Quando il direttore mi ha parlato della nuova avventura, oltre agli auguri sinceri, si sono levati in me due sentimenti apparentemente contrastanti. Da una parte coglievo celati segnali di una eventuale collaborazione, dall’altra, forse con presunzione, pensavo già alla scarsa disponibilità di tempo, che avrebbe condizionato il mio apporto.
In realtà il mondo della scrittura informativa, concetto che trovo più ampio dell’attività di giornalismo, o della narrazione, mi ha sempre affascinato, e un po’ fatto paura. Mi hanno sempre fatto desistere dal cimentarmi lo “stare sempre sul pezzo”, sulla notizia.
La velocità è aspetto imprescindibile nell’ambito dell’informazione, e oggi raccontare per primi un fatto spesso rappresenta la sopravvivenza o meno di una testata. Roba che non fa per me, cultore del lento, della riflessione: tornare su una notizia, anche se già “vecchia”, consente di osservarne le sfumature, la sua maturazione. Ecco quindi uniti gli intenti, del Sardington e miei, svelati dal titolo stesso della rubrica: riappropriarsi del lento, della riflessione, con il tempo che ci vuole per analizzarla, farla nostra, farne esperienza, e dell’esperienza farne tesoro, a costo di sbatterci il muso, "scramentai"... “Scramentu”, altro lemma della lingua sarda candidato a identificare queste righe che condividerò con voi.
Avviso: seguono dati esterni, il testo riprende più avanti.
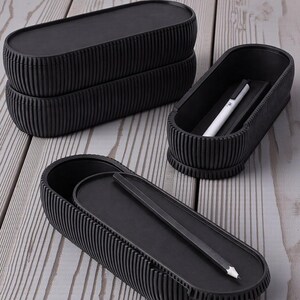 May include: Black, ribbed, oval pencil cases with lids. One case is open, revealing a pencil, and another contains a pen. The cases are stacked and arranged on a light wood-grain surface. The cases have a modern, minimalist design.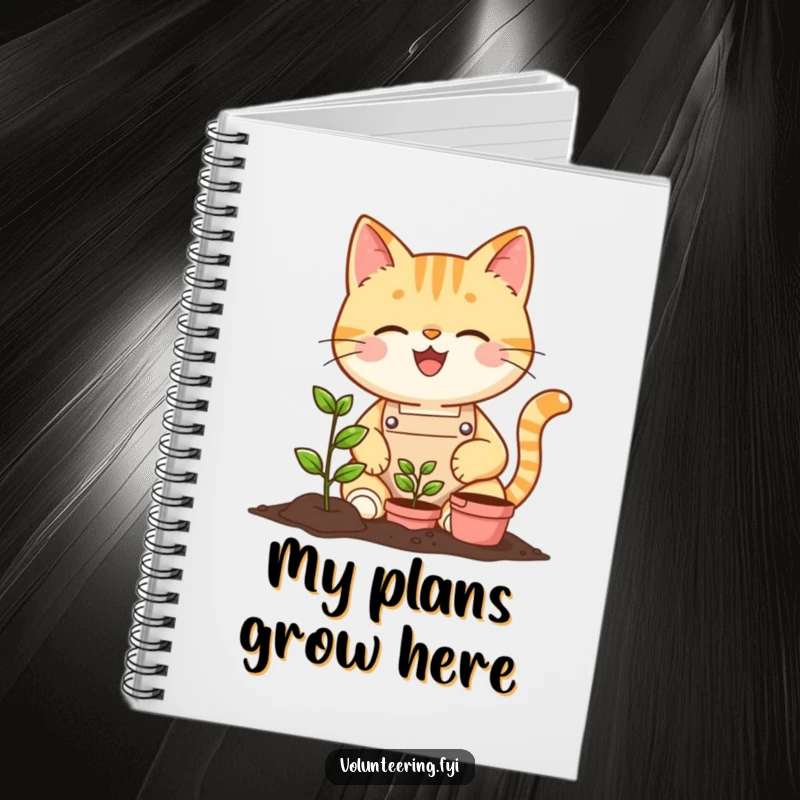 Funny cheerful cat wearing an apron planting a tiny seedling on a notebook, for humorous gardening notes.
Ho optato per Mighirimighiri, vocabolo campidanese ormai desueto e sinonimo di “abellu abellu”, piano piano.
E piano piano, senza fretta e senza scadenze, proverò ad affrontare quelle che penso siano le notizie da “rallentare”, approfondire, oltre l’urgenza di esporle, con il piacere di raccontarle.
Nessuna pretesa di essere cronista o giornalista, semplicemente una persona che sente l’esigenza di narrare, a se stesso per primo, i fatti che questo tempo sghembo ci propone. Con lo sguardo concentrato sulla terra che mi accoglie, con il pensiero che si affaccia su orizzonti altri, più ampi e talvolta spaventosi, per altezze e distanze.
Perché, tornando a Tolstoj, vogliamo allo stesso tempo essere provinciali e universali: volare alto, ché dall'alto si vedono molte più cose, ma ben radicati a terra, alla maniera degli olivastri di San Sisinnio, dei lecci del Linas.